On Sun, 21 Dec 2008, Philipp Kempgen wrote:
> Ian Hickson schrieb:
> 
> > Deprecating HTML thus seems like vain effort. (We already tried over 
> > the past few years with XHTML 1.x, and it didn't work.)
> 
> I'd say it _did_ work.  :-)

To a first order of magnitude, nobody uses XHTML. (A few people -- around 
15% last I checked -- label their HTML documents as XHTML, but even those 
documents, if processed as XHTML, likely wouldn't work, for reasons such 
as those given in [1].)

[1] http://hixie.ch/advocacy/xhtml

So I'm not really sure under what measure you would say it worked. Could 
you elaborate on what data and criteria you are basing this evaluation on?

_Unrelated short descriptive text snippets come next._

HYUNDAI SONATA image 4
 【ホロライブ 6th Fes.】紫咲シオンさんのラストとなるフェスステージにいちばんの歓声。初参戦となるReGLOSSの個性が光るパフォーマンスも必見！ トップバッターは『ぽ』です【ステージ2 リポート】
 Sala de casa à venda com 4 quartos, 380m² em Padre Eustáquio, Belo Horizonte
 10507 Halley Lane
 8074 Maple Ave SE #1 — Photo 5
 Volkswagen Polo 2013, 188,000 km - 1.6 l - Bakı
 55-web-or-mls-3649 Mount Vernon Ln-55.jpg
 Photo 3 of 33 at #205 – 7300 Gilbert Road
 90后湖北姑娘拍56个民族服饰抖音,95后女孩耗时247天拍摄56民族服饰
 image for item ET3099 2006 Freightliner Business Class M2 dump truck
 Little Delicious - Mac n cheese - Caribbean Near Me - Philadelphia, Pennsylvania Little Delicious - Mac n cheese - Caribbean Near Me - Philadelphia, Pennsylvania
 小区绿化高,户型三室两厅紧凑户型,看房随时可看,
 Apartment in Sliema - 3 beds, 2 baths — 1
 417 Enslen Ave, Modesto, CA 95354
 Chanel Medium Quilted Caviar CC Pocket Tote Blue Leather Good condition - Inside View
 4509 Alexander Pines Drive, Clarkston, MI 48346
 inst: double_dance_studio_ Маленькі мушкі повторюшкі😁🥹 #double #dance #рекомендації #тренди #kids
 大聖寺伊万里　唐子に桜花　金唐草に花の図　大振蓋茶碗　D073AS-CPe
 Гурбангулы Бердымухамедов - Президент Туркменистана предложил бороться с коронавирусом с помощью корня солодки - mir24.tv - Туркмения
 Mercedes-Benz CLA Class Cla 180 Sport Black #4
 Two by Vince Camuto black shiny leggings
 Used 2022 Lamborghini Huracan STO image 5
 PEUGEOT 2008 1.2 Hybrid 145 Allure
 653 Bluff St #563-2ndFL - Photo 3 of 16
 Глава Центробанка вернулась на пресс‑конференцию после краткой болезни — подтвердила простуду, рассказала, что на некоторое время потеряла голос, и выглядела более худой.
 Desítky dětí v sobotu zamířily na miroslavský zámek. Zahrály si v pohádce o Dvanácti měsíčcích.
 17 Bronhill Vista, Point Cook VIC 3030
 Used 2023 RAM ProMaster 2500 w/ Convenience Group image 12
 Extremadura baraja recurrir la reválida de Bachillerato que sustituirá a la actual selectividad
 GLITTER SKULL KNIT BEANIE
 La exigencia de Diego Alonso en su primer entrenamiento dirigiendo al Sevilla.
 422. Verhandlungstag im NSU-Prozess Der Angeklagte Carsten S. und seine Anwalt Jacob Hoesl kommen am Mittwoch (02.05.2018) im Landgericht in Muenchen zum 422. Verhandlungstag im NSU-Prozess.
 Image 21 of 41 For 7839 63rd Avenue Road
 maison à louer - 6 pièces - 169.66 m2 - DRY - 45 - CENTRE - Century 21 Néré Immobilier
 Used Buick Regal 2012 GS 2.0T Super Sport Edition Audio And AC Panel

On Sun, 21 Dec 2008, Nils Dagsson Moskopp wrote:
>
> I'd say too: The worst abominations have disappeared (for new sites, 
> that is). the <font> element, for example, or frames through deprecating 
> them.

That has nothing to do with XHTML.


> Fact: Deprecating stuff takes it out of (X)HTML-Books, Howtos like 
> Selfhtml warn against it, thus ensuring lesser use by novices.

Tutorials can certainly help guide authors towards best practices, and 
that is why things like <font> aren't in HTML5. That, though, is 
independent of things like XHTML vs HTML.


> Does anyone remember <marquee> ?

<marquee> is used so much (primarily in Asian markets) that all Web 
browsers have been forced to copy IE and support it even though it was 
never in a standard.


On Sun, 21 Dec 2008, Giovanni Campagna wrote:
> 
> As I discovered lately, the main problem of HTML5 is its design oriented 
> to keep features that are distributed across browsers, that work or that 
> are simple way to solve big problem. Actually, they are a bunch of 
> different features somehow not integrated to the others.
>
> Instead, programmer (please note, I use the word programmer, not author 
> or web designer) developing *new* application may more like a more 
> structured and logical organization, like XHTML modularization is.

Could you elaborate on how spec design like XHTML modularisation has any 
impact on developers of Web applications? I was under the impression that 
the only benefit was in the development of other specs based on the 
modules (and that only if those needs happened to mesh with the particular 
modules picked).


> [Some] HTML5 features, summed in big groups, [..] can be achieved 
> without any of HTML5, for example
>
> 1) common syntax for the most used datatypes.

I assume you mean in forms?

> 1) use XMLSchema datatypes

It's unclear how XML Schema datatypes would work with HTML forms and how 
they would be better than what we have in forms in HTML5 now.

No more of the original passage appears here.